Symptom: truck-api (a host binary) times out at the healthcheck stage while trying to connect to a Docker db service. Trace shows the proxy started cleanly. Spec wires SUT env from db.main.internal_addr.rsplit(":").

Cause: internal_addr returns the container DNS name ("db:3306") which the host-binary process can’t resolve. Worse, the auto-substitution that rewrites real addrs to proxy addrs only matches the literal substring db:3306 in env values — so rsplit(":") decomposition silently breaks it. The SUT ends up dialing db:3306 or 127.0.0.1:3306 (the unmapped container-internal port) and times out.

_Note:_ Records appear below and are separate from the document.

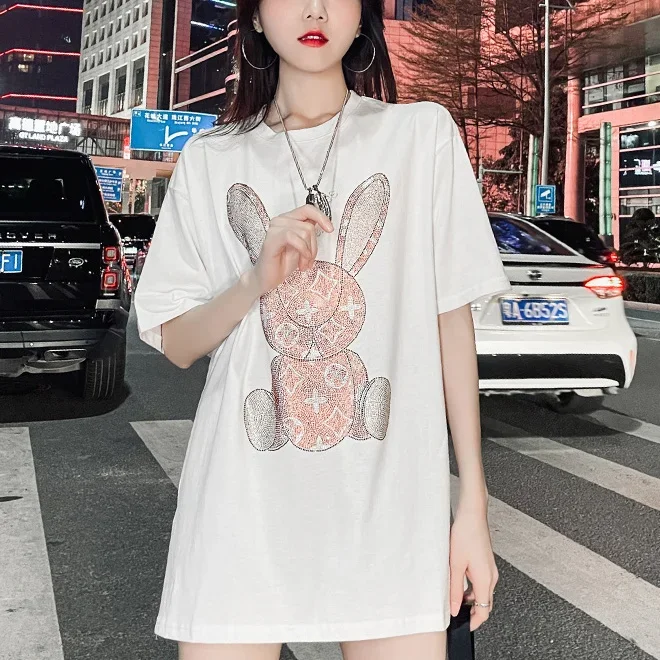 レディースサマーカジュアルTシャツ：ダイヤモンドカートゥーン - T-Shirts のレビューと価格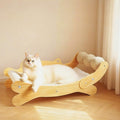 Cat Scratcher Bed, Heavy Duty Sisal Cat Scratching Post with Hammock for Indoor Cats, Natural Wood Cat Lounge for Sleeping & Scratching, Stable Bed for Large Cats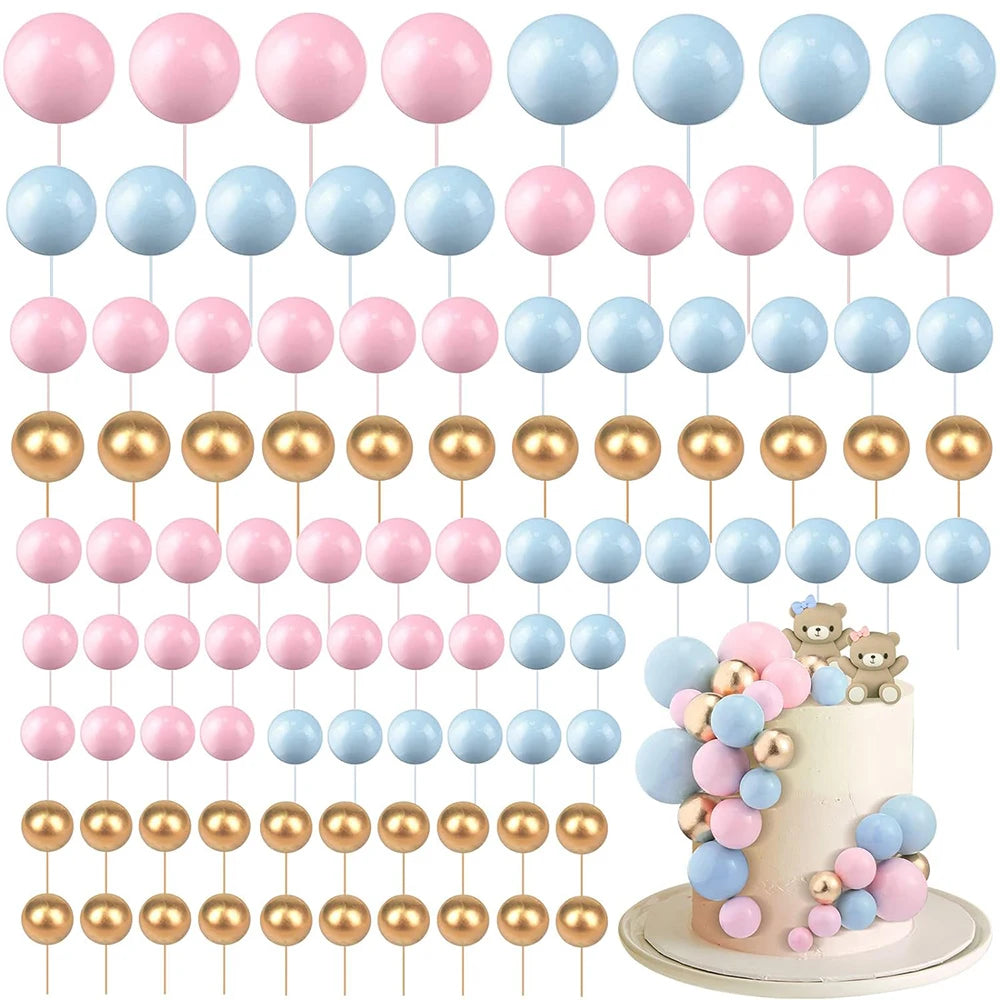 20Pcs Balls Cake Topper Pink Blue Gold Cake Balls Baking Decoration Birthday Wedding Anniversary Cake Picks Insert Toppers Decor Good Vibrations
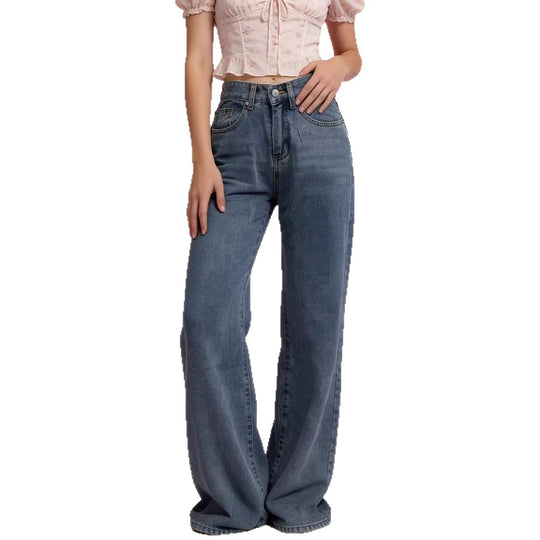 Damen Weite High-Waist Jeans mit besonderen Nahtdetails R&B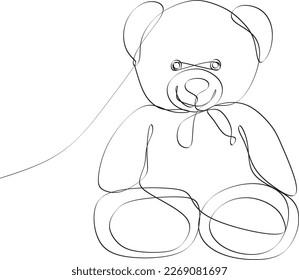 Dibujo en línea de un oso de peluche.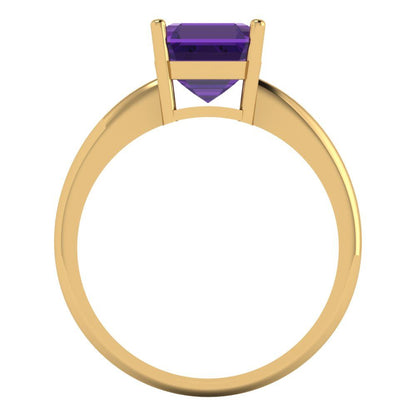 2 cttw Natural Amethyst Solitaire  Engagement Ring - Solid Gold (Asscher Cut,7.0mm)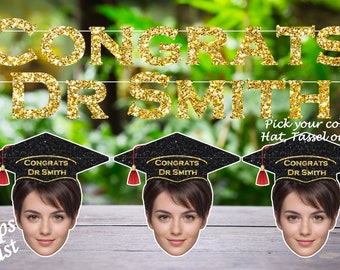 Graduation Banner Glitter Foto Gesicht Kopf Bunting Angepasste Klasse von 2026 2026 Benutzerdefinierte personalisierte Girlande Grad Decor Party Hintergrund Stir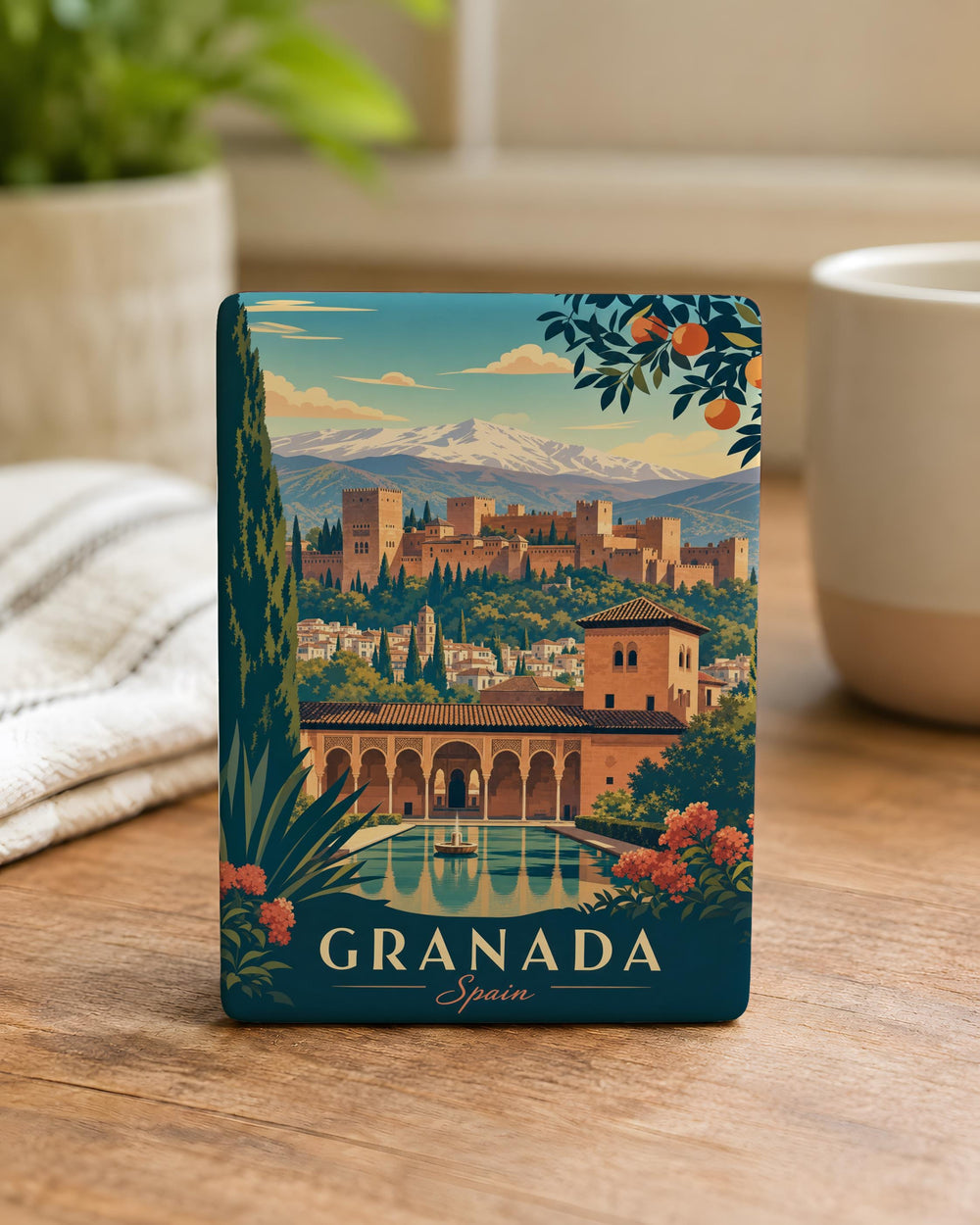 Granada Spain Fridge Magnet, Granada Souvenir Magnet, Andalusia Travel Gift, Spain Landmark Keepsake Magnet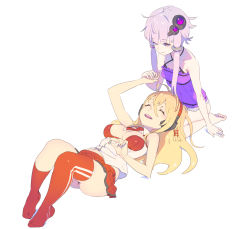 Rule 34 | 2girls, antenna hair, barefoot, blonde hair, blush, breasts, enkyo yuuichirou, hair ornament, headphones, holding hands, large breasts, long hair, looking at another, lying, lying on lap, lying on person, multiple girls, on back, open mouth, purple eyes, purple hair, seiza, short hair with long locks, sitting, sketch, skirt, small breasts, smile, thighhighs, tsurumaki maki, twintails, very long hair, vocaloid, voiceroid, yuzuki yukari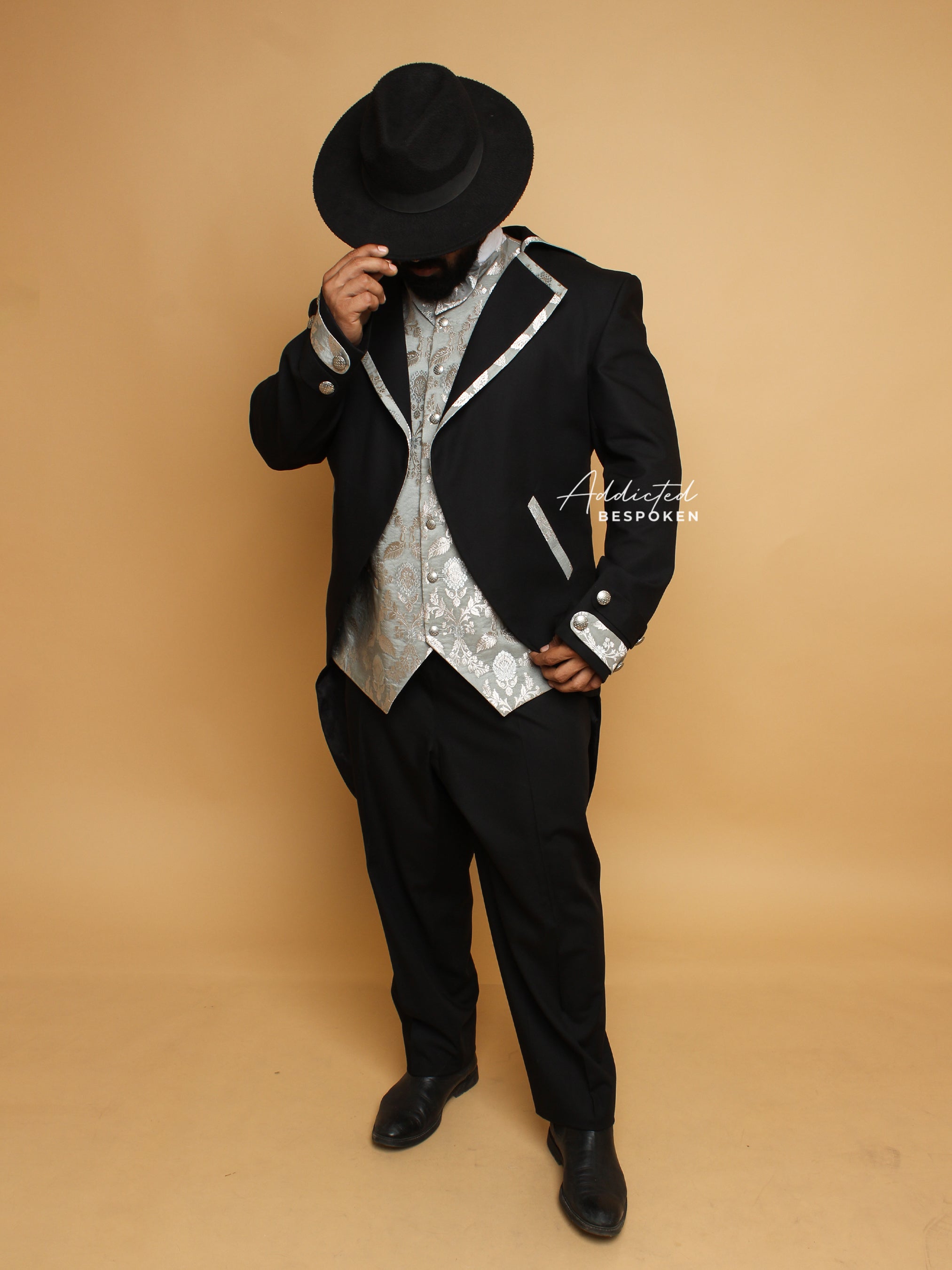 Black Cotton Steampunk Suit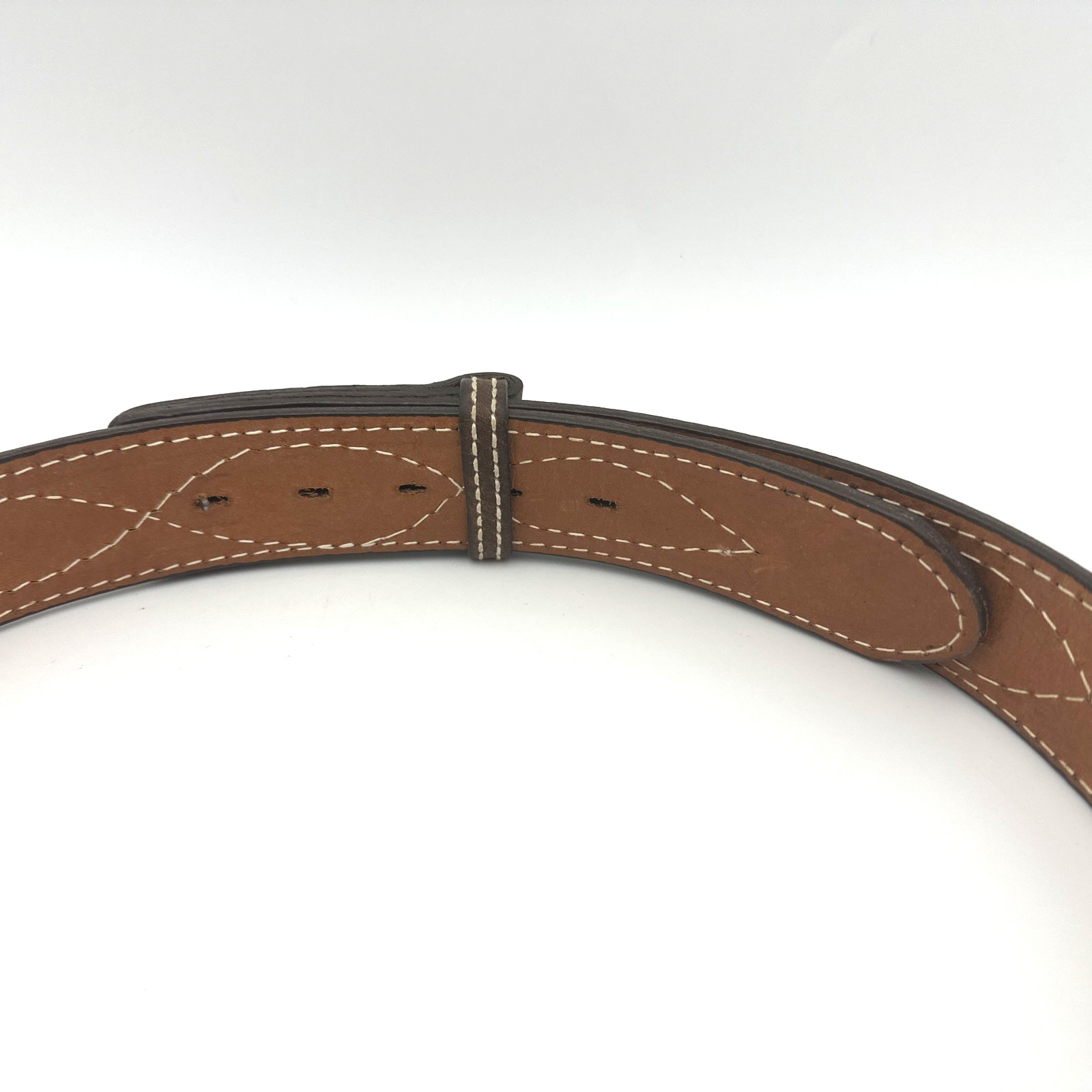 Nocona Leather Belt Brown Stitched Size 34 Built In Buckle USA Western Cowboy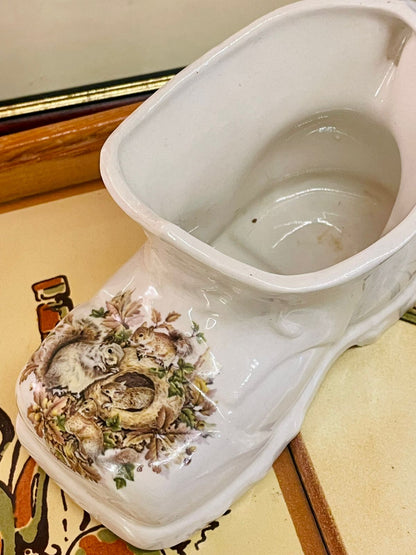 Vintage Ceramic Boot Planter – Woodland Animals Design
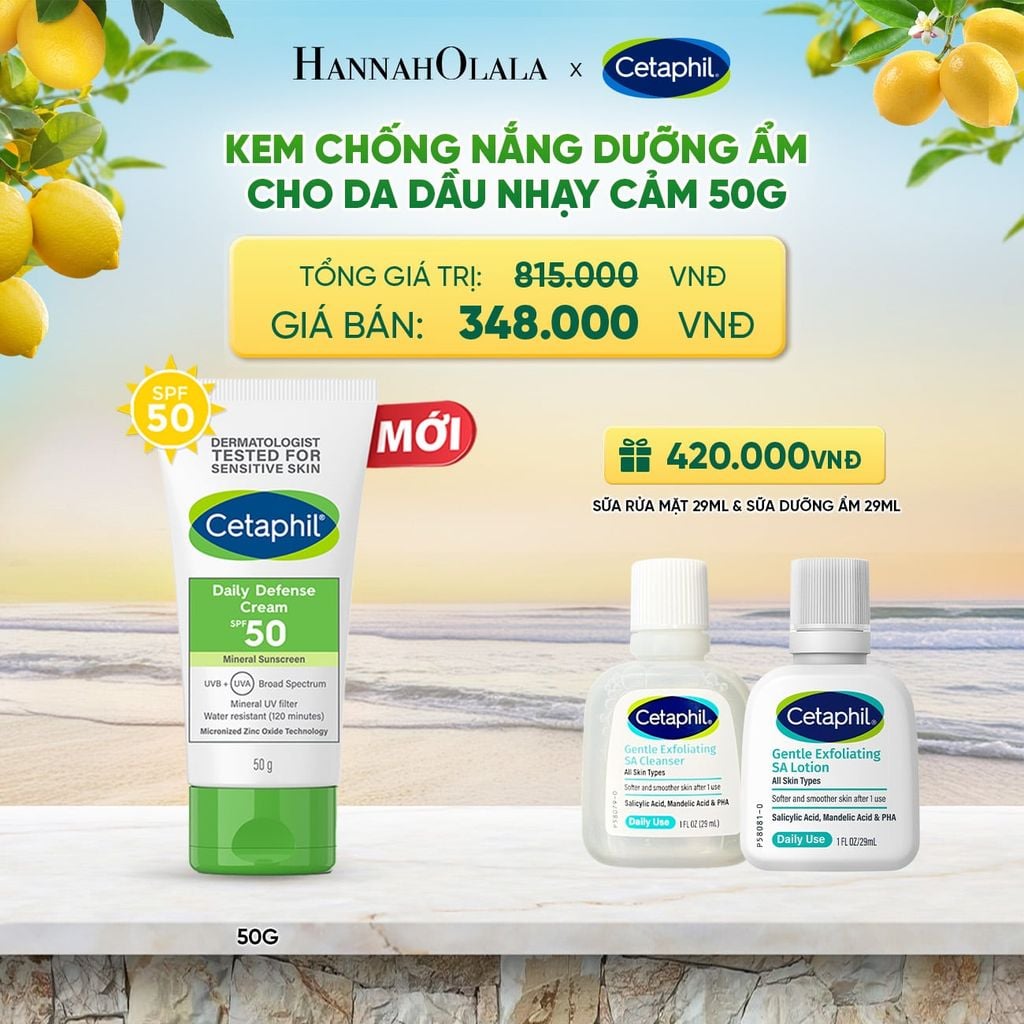  KEM CHỐNG NẮNG DƯỠNG ẨM 2IN1 CHO DA DẦU NHẠY CẢM CETAPHIL DAILY DEFENSE CREAM SPF50 50G DEAL 5: 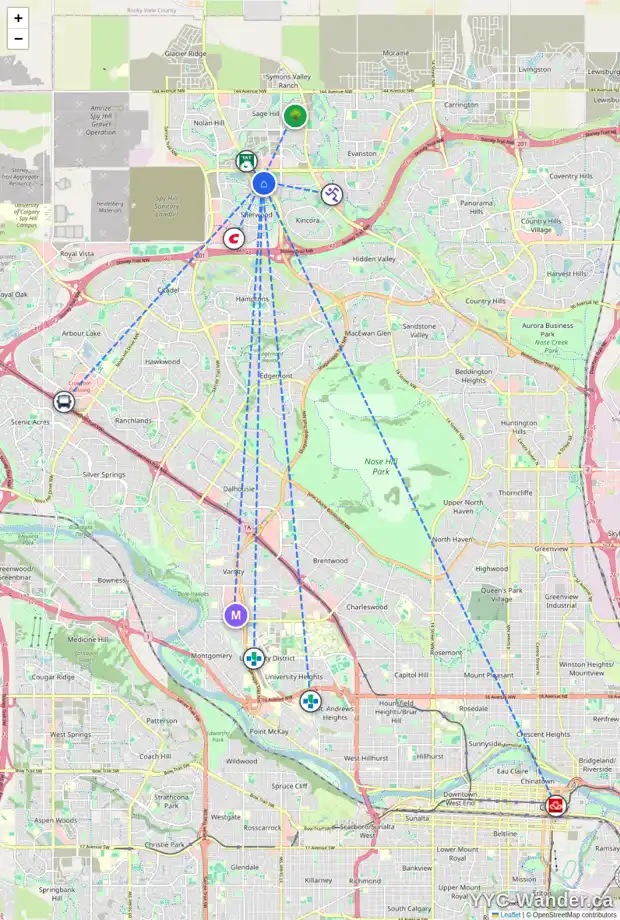 Daily accessibility map for 1205 450 KINCORA GLEN RD NW, Calgary showing nearby schools, grocery stores, parks, LRT stations and nearby amenities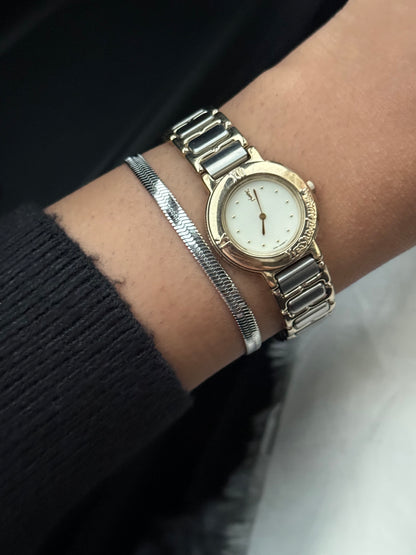 Vintage Rare Yves Saint Laurent Two-Tone Watch for women: Gold Plated, Cream dial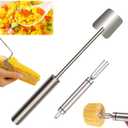 Cozy Home Corn Peeler, Corn Kernel Removers, Long Handle Stainless Steel Corn Stripping Tool Thresher Scraper for Home Kitchens, Restaurant Chefs (2PCS-A)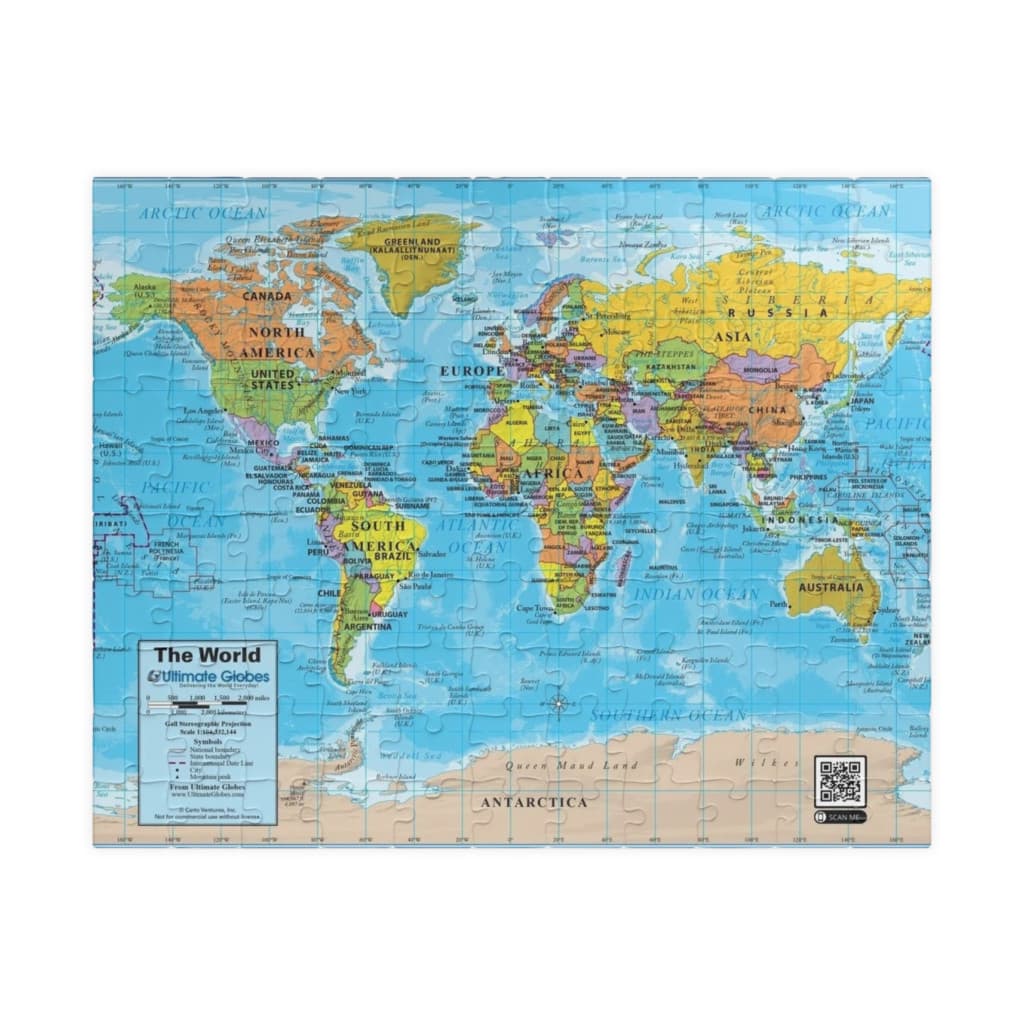 Puzzle 120 piese, 20 x 29 cm, carton alb perlat, harta lumii — varianta 2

Fix: use iface.proxy_addr / proxy_host / proxy_port instead. These are late-bound — they return placeholders at spec-load and resolve to the real proxy listener at test-execution:

api = service("truck-api", "/usr/local/bin/truck-api",
    interface("public", "http", 9000),
    env = {
        "MYSQL_HOST": db.main.proxy_host,
        "MYSQL_PORT": db.main.proxy_port,
        "MYSQL_DSN":  "user:pass@tcp(" + db.main.proxy_addr + ")/appdb",
    },
)

Don’t .split() or .rsplit() proxy_addr — operations run at spec-load where it’s still a placeholder. Use the separate proxy_host / proxy_port attributes when you need the parts.

See recipes.md → Wiring SUTs to the proxy for more context. Fixed in v0.12.12 (RFC-033).

See also

  • bundles.md — bundle inspection (faultbox inspect) is the single best diagnostic tool when something goes wrong.
  • seccomp-cheatsheet.md — Go-op → syscall mapping for “which family do I fault” questions.
  • starlark-dialect.md — Starlark gotchas that cause spec-load failures.
  • GitHub issues — if your case isn’t here, file it; we add to this page.